Thirty seven-year-old P. Andal is not too happy with the auto fares fixed by the government.

A single mother, Andal earns about Rs. 700 a day and is the only source of income for her family, comprising her aged parents and her teenaged daughter.

“Fuel prices increase every now and then. Of the Rs. 700 I earn each day, at least Rs. 200 is used for petrol expenses. Competition from call taxis and traffic problems have made our lives difficult. I renew my milk card only every alternate month because living expenses have shot up badly,” she said. 

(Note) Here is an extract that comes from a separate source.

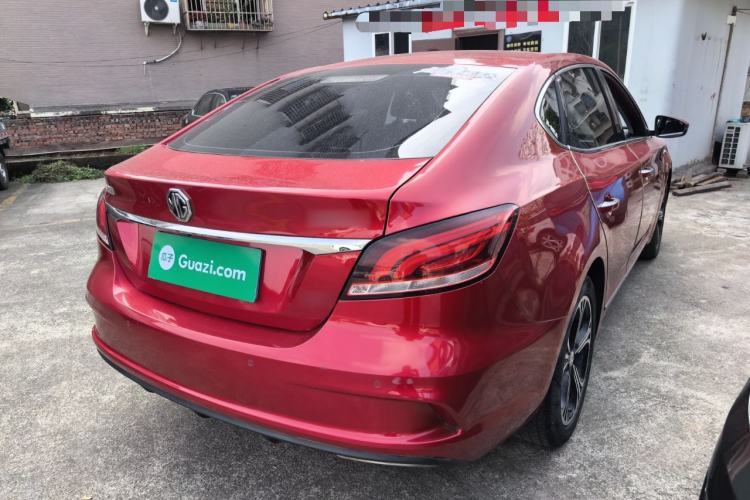 Used MG 6 2017 20T Automatic Luxury Smart Connect Version China V Standard Rear Right 45 Deg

Andal said the minimum fare should have been fixed at Rs. 30, at least. “For a distance of 10 km, I will end up getting just Rs. 120, much of which will be spent on fuel. If I do not get a return trip, there will be hardly anything to take home,” she said.

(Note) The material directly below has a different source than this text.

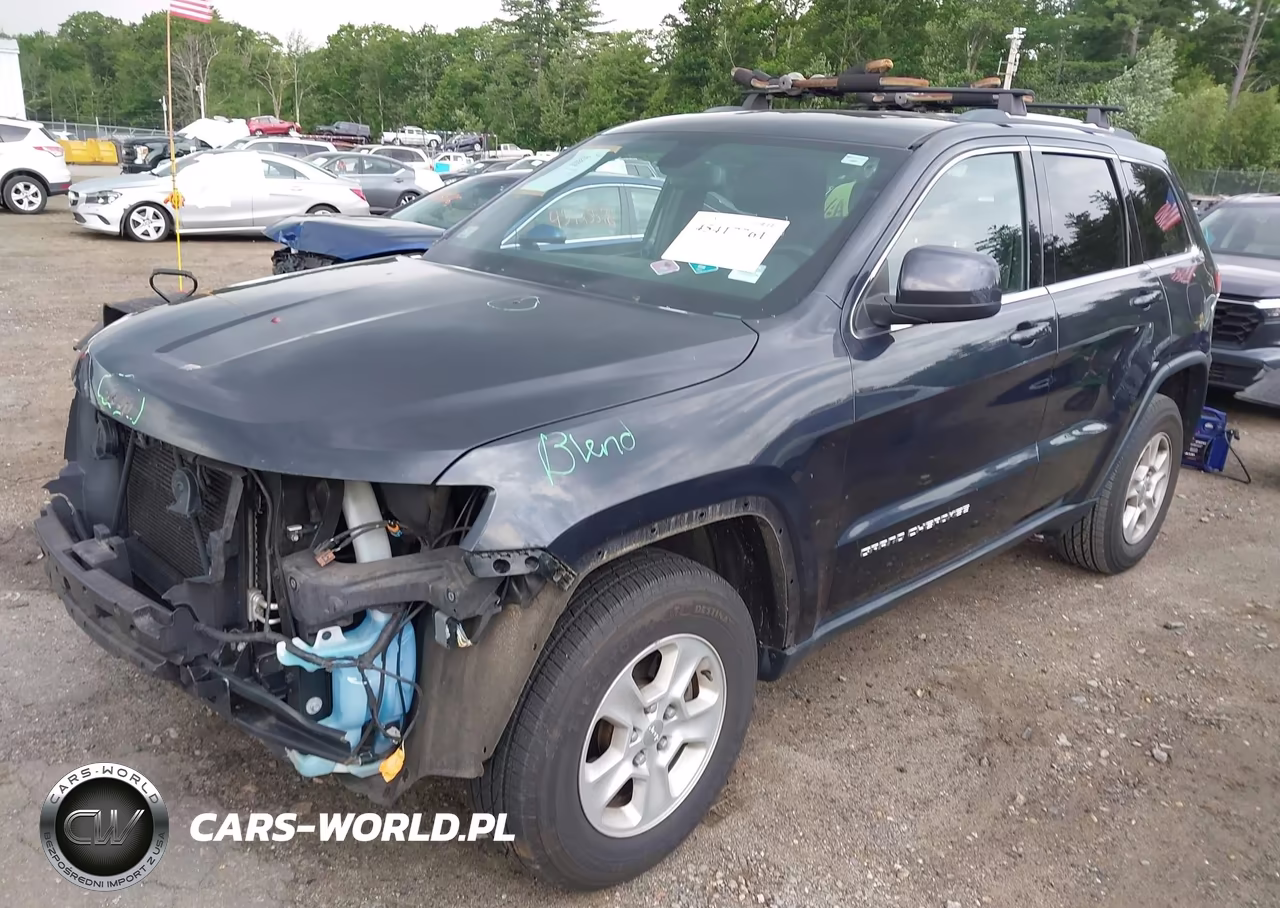 2015 Jeep Grand Cherokee Laredo VIN:1C4RJFAG7FC237448 - 2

Andal, who lives in Kotturpuram, began working after she was abandoned by her alcoholic husband. “Earlier, I would wake up at 3 a.m. and clean vans till 10 a.m., earning just about Rs. 50 a day. After my husband died, I thought of starting something independently,” she said.  

With help from relatives, Andal bought an auto. Today, she has paid off her debts, but life has not been easy, she said.

“I am worried about my daughter’s future. She can go to college if some well-wishers come forward to support her. She studies well. I wanted to put her in a good school, but many institutions refused to admit her as they feared I wouldn’t be able to pay the fees on time. I can’t really blame them,” she said.

Andal does not drive around after 7 p.m. as she finds it unsafe. This too, affected her daily income, she said.

Andal wonders if something good will come out of the new tariff norms. “Fixed fares, even if they are low, may translate into more movement and more customers. People might be willing to trust us. I may not have to drive past bus stops hoping one of the waiting commuters will opt for an auto instead of a bus,” she said.

On Tuesday, Andal was part of an awareness sessions conducted by the traffic police. The drivers were also given lessons in etiquette. “It is not surprising that commuters think of us as rude people. Everybody thinks we are a nuisance, and that we have built palaces from overcharging them,” she said.